In the codebase I’m working on, several classes define their __str__
method as def __str__(self, *args, **kwargs). As far as I can tell,
they don’t seem to actually do anything with the extra arguments, but
it got me wondering why this pattern is so pervasive. Was there ever a
time that this was useful?

Do they define it in terms of a superclass’s __str__ maybe? If your
overriding a method from a superclass a common pattern is:

def x(self, *a, **kw):
    ... do something special involving calling super().x(*a,**kw) ...

Which calls the superclass x() method with whatever arguments were
supplied, then does something specific to the subclass with the result.

But if their __str__ is not using the arguments, I’d take it as a sign
that someone is blindly following a pattern rather than doing something
sensible. Unused arguments are usually a sign of a potential bug, and
various lint programs will warn about that.

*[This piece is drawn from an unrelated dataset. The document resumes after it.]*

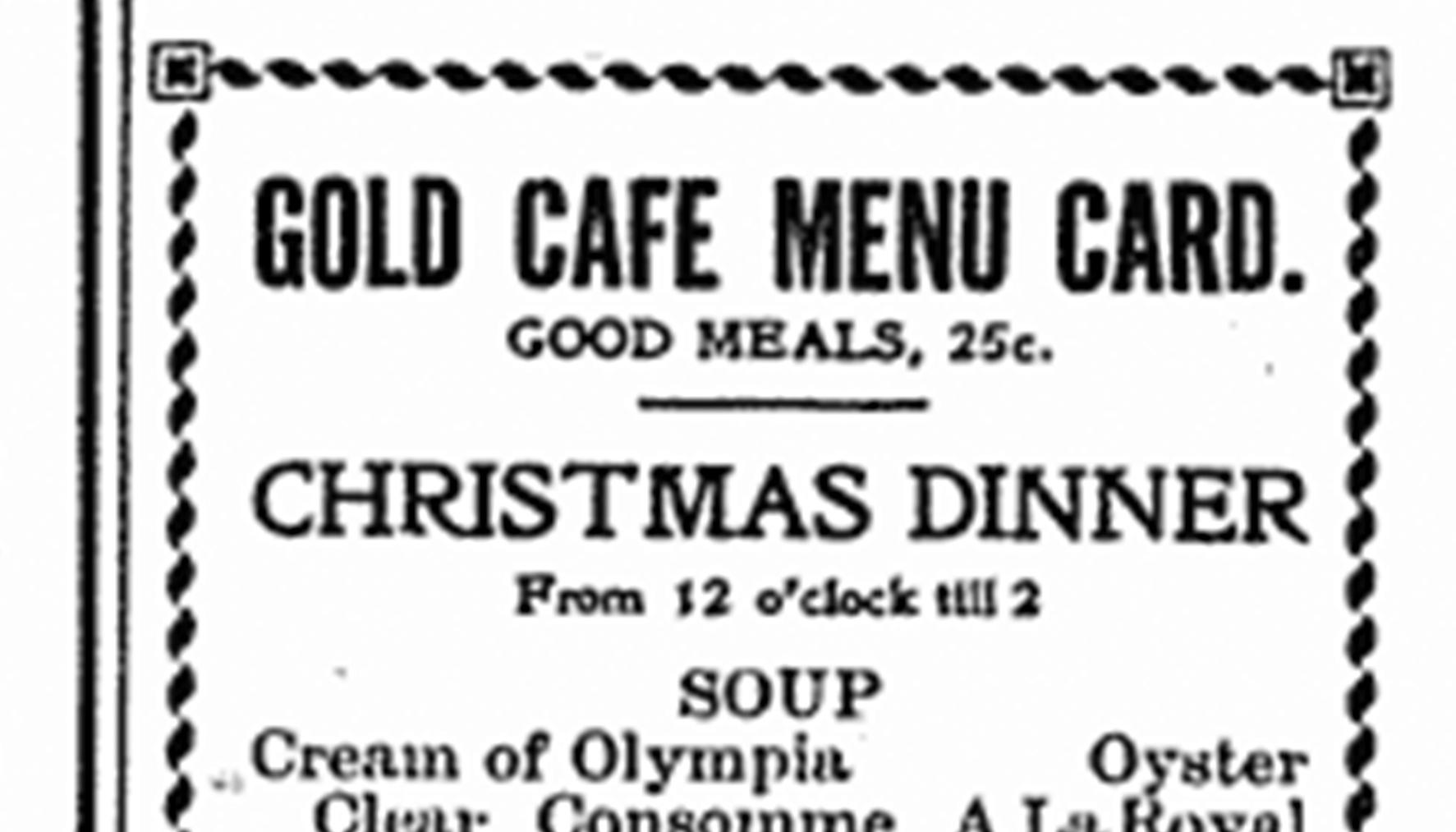 Advertisement for Gold Cage in Red Deer News, Dec. 21, 1910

Particularly with dunder methods like __str__, whose parameters are
usually very rigid because they’re called indirectly via things with no
scope for passing arbitrary parameters, I thnk this is almost never
useful. You almost never call a dunder method directly - they’re meant
to express mechanism for other things which don’t look so much like a
function call.

Even if the dunder method is a thin wrapper for a complex function:

def funky_format(self, formating_args_here....)
    ... return self as a string in many ways ...

def __str__(self):
    return self.funky_format(args for use in str here ....)

I’d expose the complex function directly as above, and leave __str__
with no arguments. Maybe its call to funky_format might match the
defaults for that function and therefore have no arguments:

def __str__(self):
    return self.funky_format()

but I would still have __str__ take no arguments, and funky_format
available for the other uses, whatever they might be.